In any case, the list of products now offered by Stripe is long — longer, you might say, than it takes to incorporate a Stripe service into a developer workflow. In addition to its API-based flagship payments product — which is available as a direct service or, via Stripe Connect, for third parties via marketplaces and other platforms — it offers billing and invoicing, in-person payment services (via Terminal), business analytics, fraud prevention on transactions (Radar), company incorporation (Atlas), and a range of content around business strategy.

Some of these Stripe products are free to use, and some come at a price: the main point for offering them together is to build more engagement and loyalty from customers to keep them from migrating to other services. In that regard, credit cards are a cornerstone of how businesses operate, to handle day-to-day expenses in a more accountable way, and this is an area that is already well-served by others, including startups like Brex but also a plethora of challenger and traditional banks. So as much as anything else, this is a clear move to help stave off competition.

At the same time, it underscores how Stripe is leveraging the huge amount of data that it has amassed about its users and payments on the platform: it’s not just about enabling single services, but about using the byproducts of those services — data — to put fuel into new products.

Today, to underscore its global ambitions in that regard, Stripe is adding some expansions to several of its existing products. For example, it will now allow businesses to make payouts in local currencies in 45 countries (an important detail, for example, for marketplaces and network-based companies like ridesharing businesses).

The credit card product will follow a model similar to that of Stripe Capital. As with the lending product, there is a single bank issuing the credit and the card. Amber Feng, head of financial infrastructure for Stripe, confirmed to me that it is actually the same bank that’s providing the cash behind Stripe Capital. Stripe is still declining to name the bank itself, but hints that we may hear more about it soon, which leads me to wonder what news might be coming next.

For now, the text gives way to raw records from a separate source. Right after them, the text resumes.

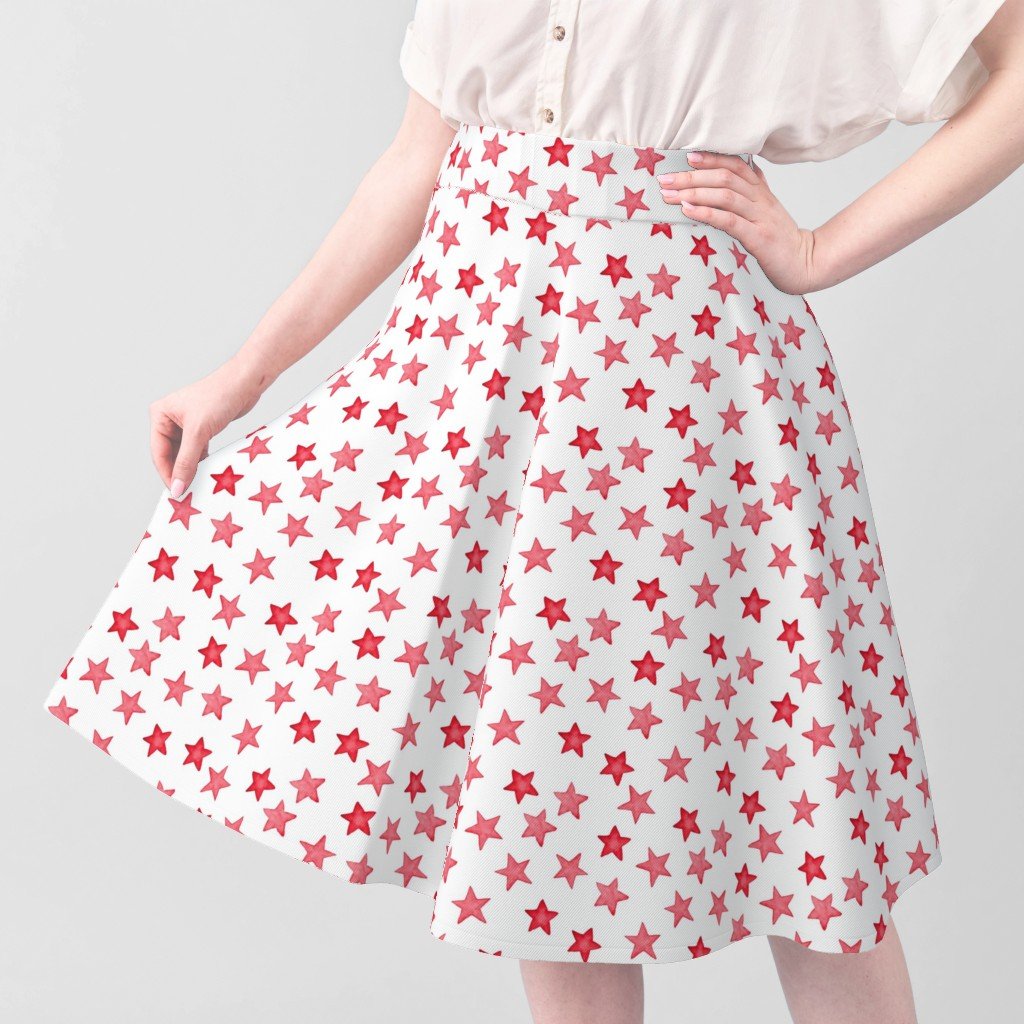 Faded Red Christmas Stars on White Fabric christmas star fabric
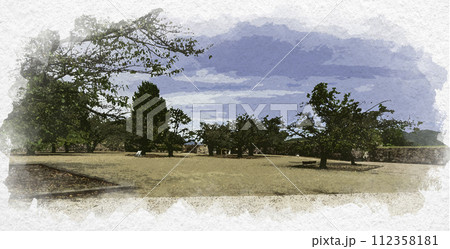 水彩画風 松代 松代城跡 本丸 長野県長野市 水彩画風 松代 松代城跡 本丸 長野県長野市 112358181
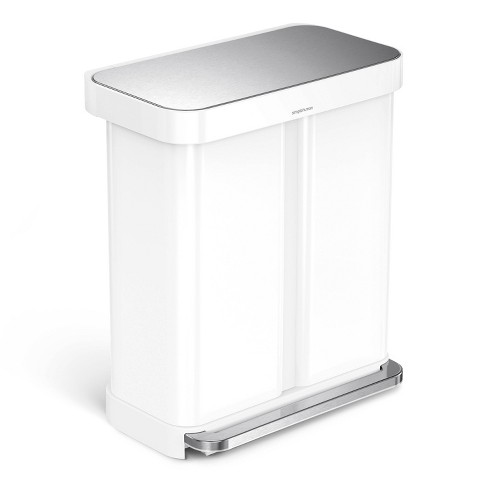 simplehuman 58L Dual Compartment Step Can with Compost Caddy and Code H  Liners, 60-pack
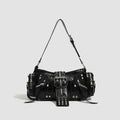 Black retro dumpling-shaped shoulder bag with three-dimensional pockets and oil wax leather finish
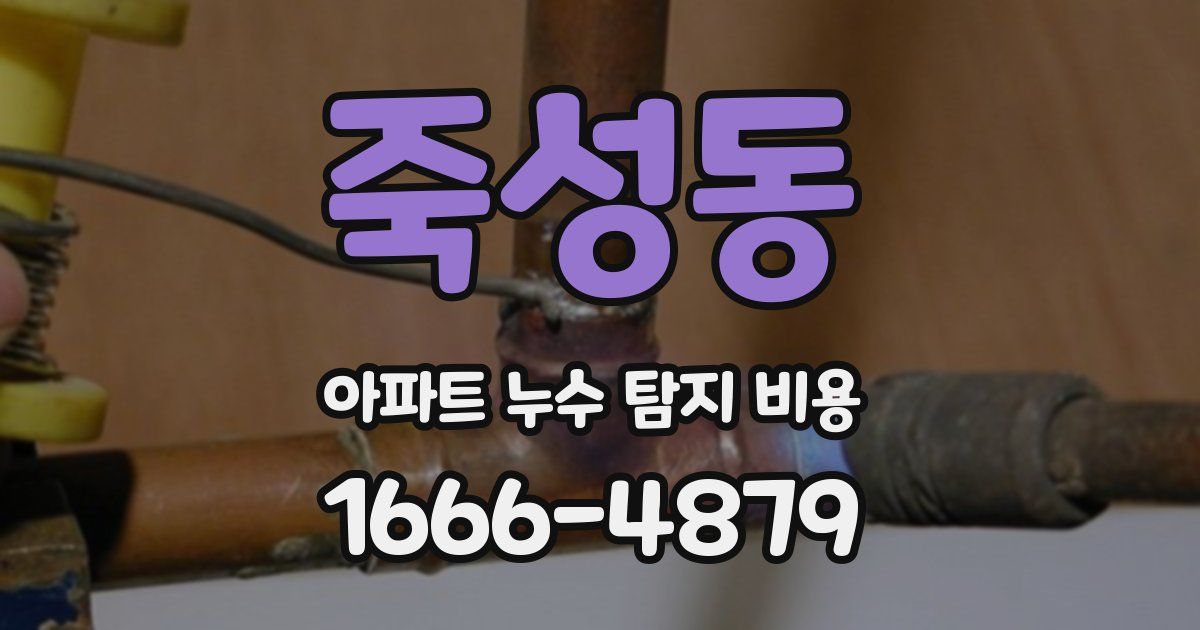 죽성동 아파트 누수 탐지 비용
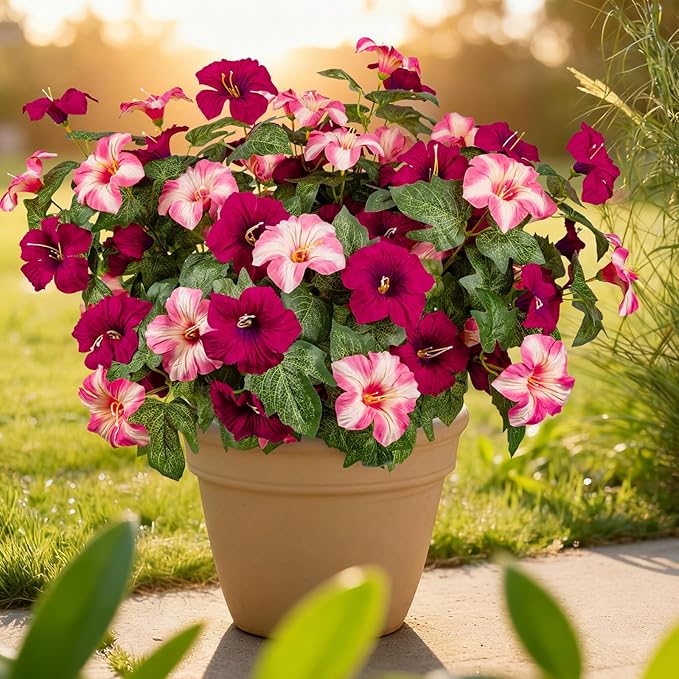 19 Inch Artificial Fake Flowers for Outdoor,4 Pcs Rose red Pink Faux Silk Petunias Spring Flowers for Outside for Indoor Porch Planter Front Door Garden Patio Window Box Home Decor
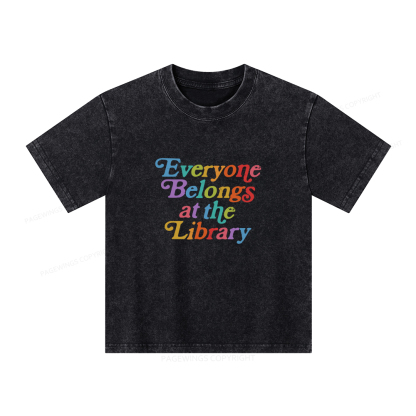 Pagewings Everyone belongs at the library Unisex Kids Washed T-shirt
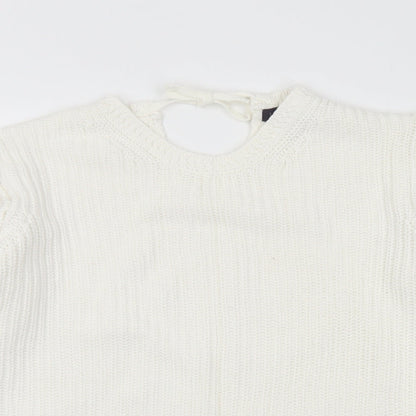 Womens UK Size M Marks and Spencer White Pullover Jumper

(Funding perhaps would make sense? The company has raised a whopping $785 million to date and has a valuation of $22.5 billion at the moment. Given that Stripe has made indications that a public listing is not on the cards soon, that might imply, with the launch of these new financing products, that more capital might be raised soon.)

Also similar to Stripe Capital, the underwriting of the card is based on Stripe data. That is to say, business users are verified and approved based on turnover (revenues) as measured by the Stripe payments platform itself; and in cases where applicants are “pre-revenue”, they can be evaluated based on other data sources. For example, if they have used Stripe Atlas to incorporate their businesses, the paperwork supplied for that is used by Stripe to vet the customer’s suitability for a credit card.  

Notably, the cards will be delivered in the spirit of instant gratification: if you are applying and get approved, you can download a virtual card within minutes to your Apple Wallet as you await the physical card to arrive in the post.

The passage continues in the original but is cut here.